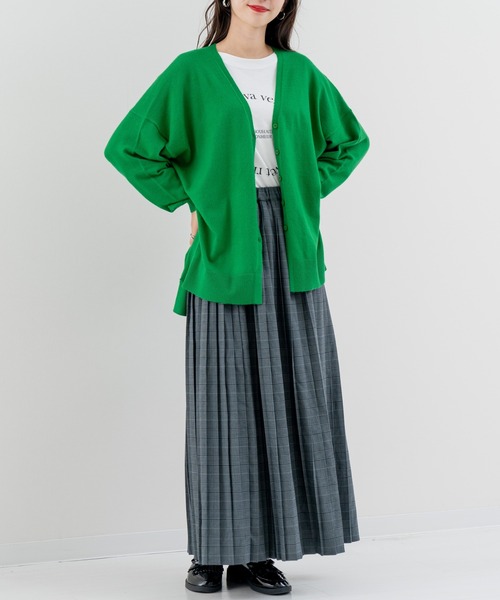 refinedworks（リファインドワークス）の「【refinedworks】こなれ見えする リラックス カーディガン！（カーディガン/ボレロ・レディース・ブラック/オレンジ/グリーン・FREE）」の22枚目の写真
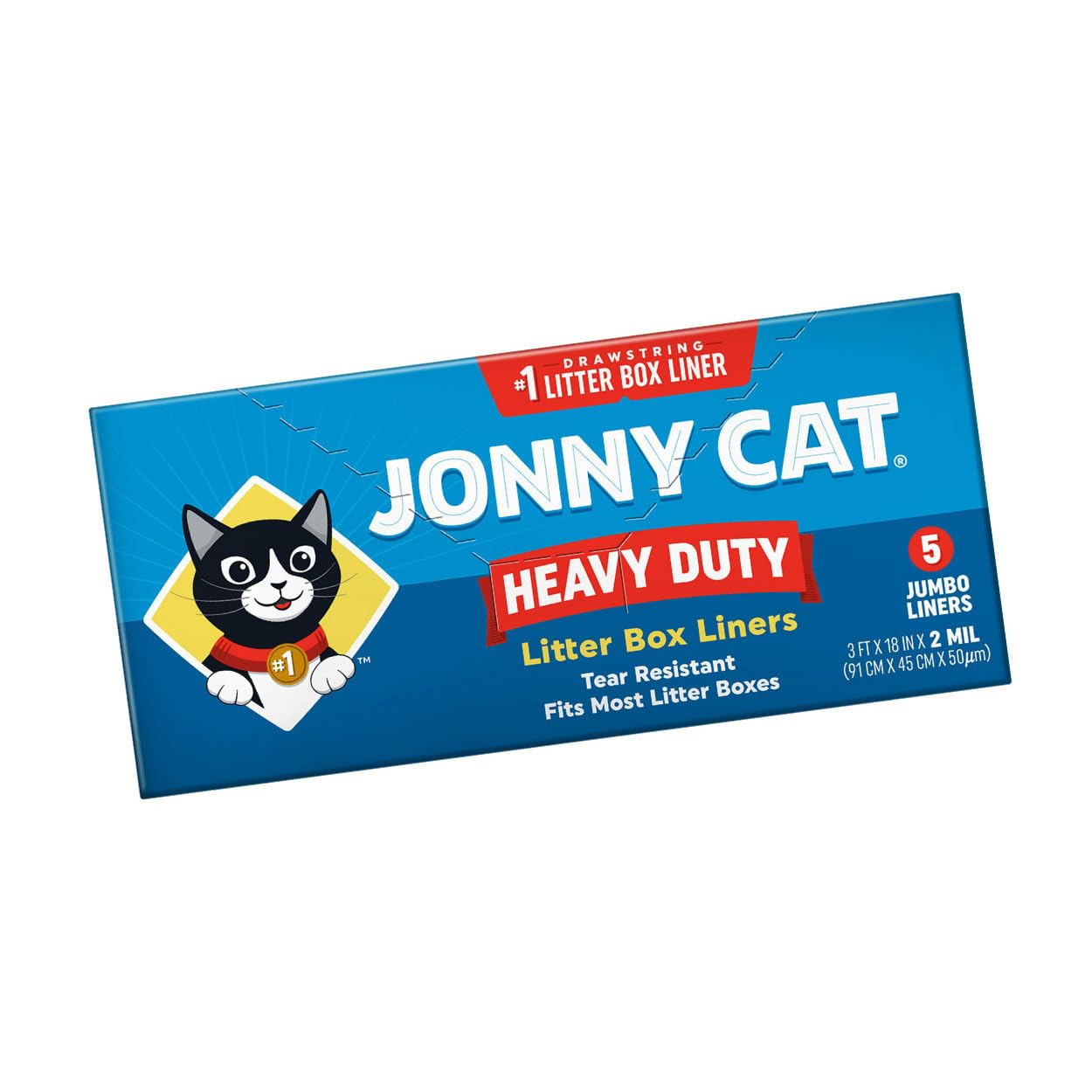 JONNY CAT tear-resistant material reduces tears during cleanup.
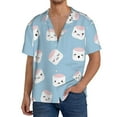 thumbnail image 1 of Kdxio Men'S Hawaiian Shirt For Men Short Sleeve Shirt Cartoon Sushi Summer Casual Holiday Beach Button Down T-Shirts, 1 of 5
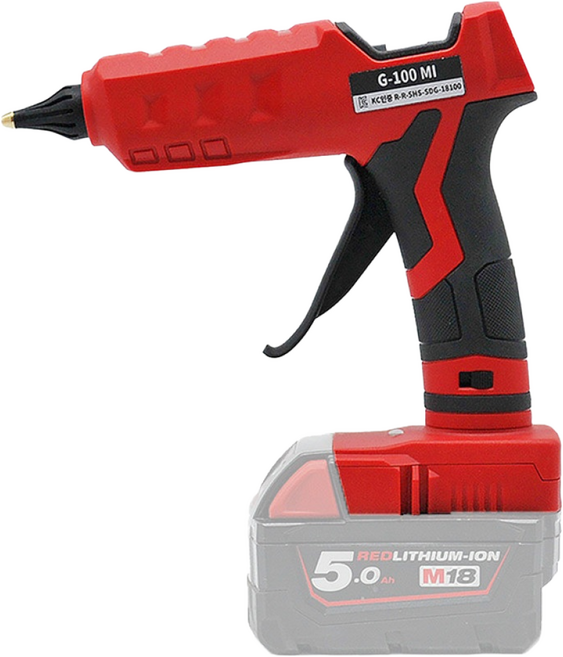 스파크 무선 충전 글루건 스파크 핫멜트 실리콘총 밀워키 호환 G-100MI, 1개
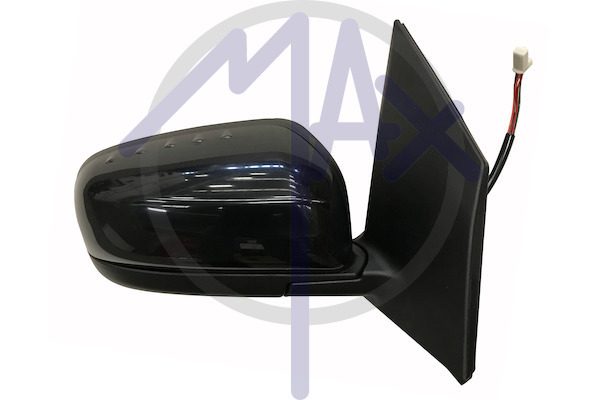 Specchietto retrovisore esterno destro, elettrico, calotta da verniciare, ripiegabile elettricamente, vetro convesso cromato riscaldato
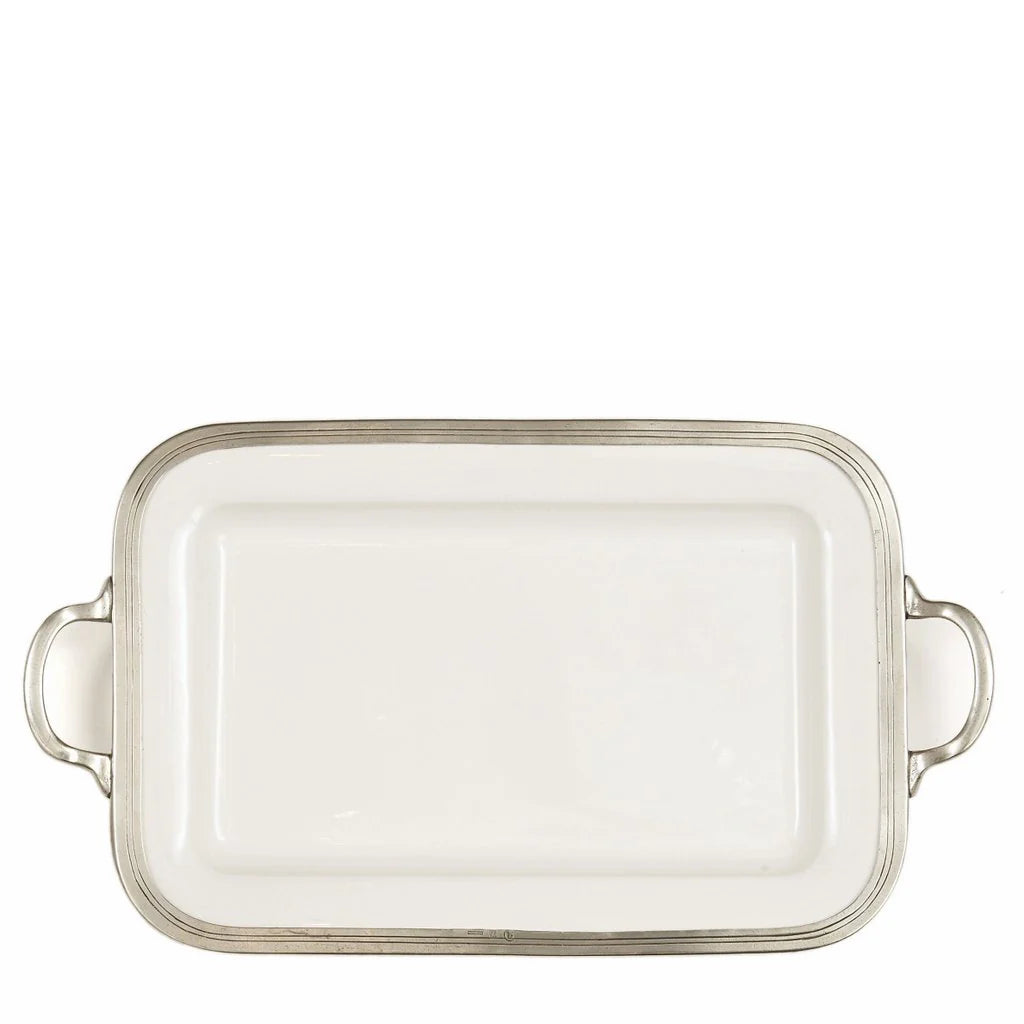 TUSCAN RECTANGULAR TRAY W/HANDL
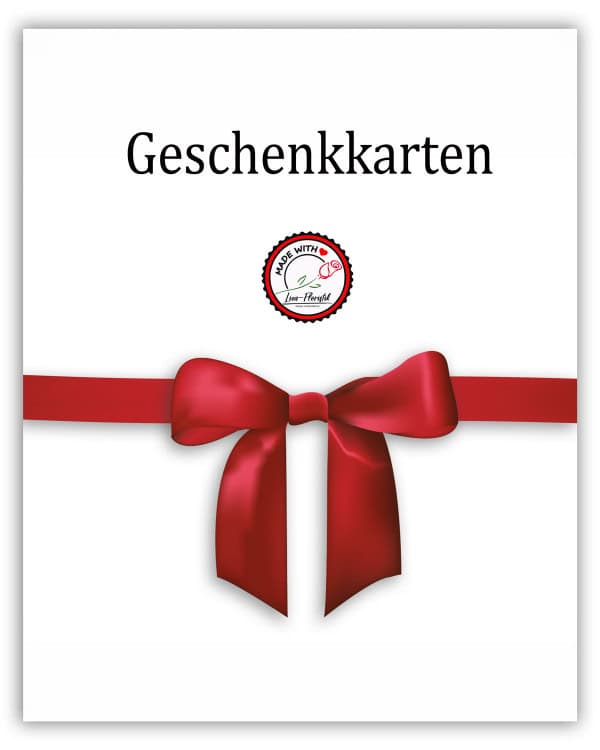 Verschenke Blumenfreude mit einer digitalen Geschenkkarte / Gutscheinkarte von Liza Floristik. Einlösbar digital oder auf dem Wochenmarkt in Gütersloh/ Berliner Platz bei Liza-Floristik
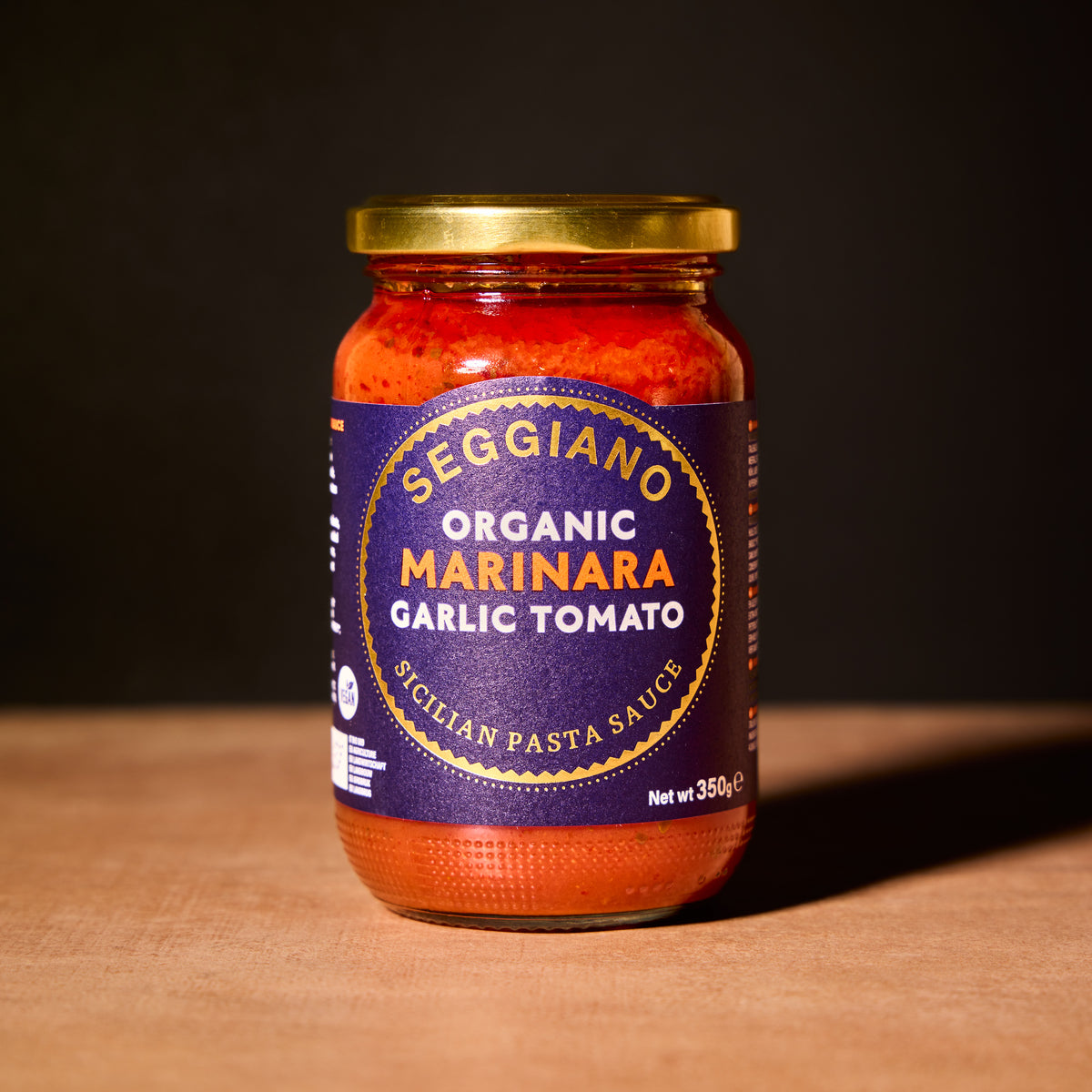 Seggiano marinara pasta sauce, 350g jar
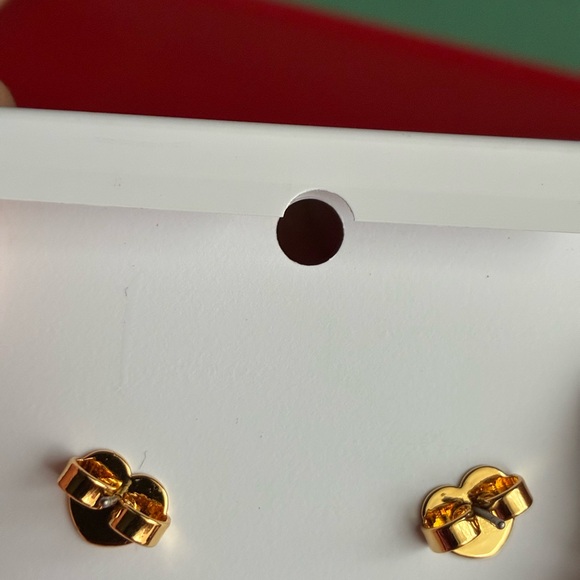 Kate Spade Ruby Red Heart Earrings - Picture 3 of 5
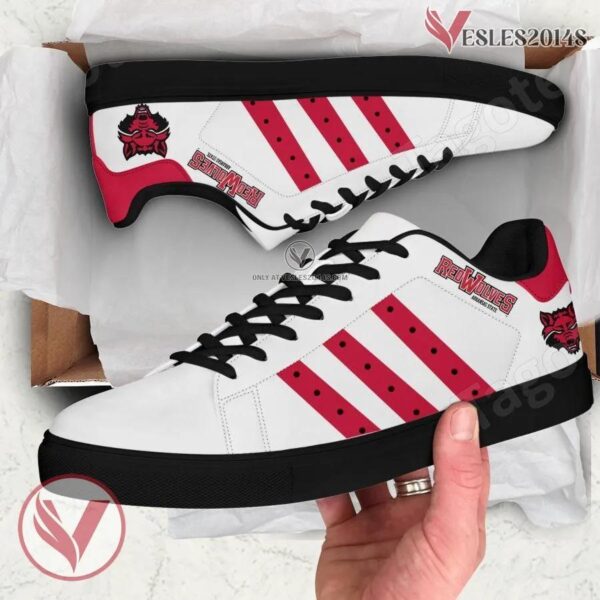 Arkansas State NCAA Stan Smith Shoes For Men And Womens - Vesles2014s 1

━━━━━━━━━━━━━━━━━━━━

ASSIGNMENT:
Repeat, word for word and with no pictures, only the lines running from the beginning of the data to the line that contains "JONNY CAT tear-resistant".

RESULT OF THE EXERCISE:
 refinedworks（リファインドワークス）の「【refinedworks】こなれ見えする リラックス カーディガン！（カーディガン/ボレロ・レディース・ブラック/オレンジ/グリーン・FREE）」の22枚目の写真
 JONNY CAT tear-resistant material reduces tears during cleanup.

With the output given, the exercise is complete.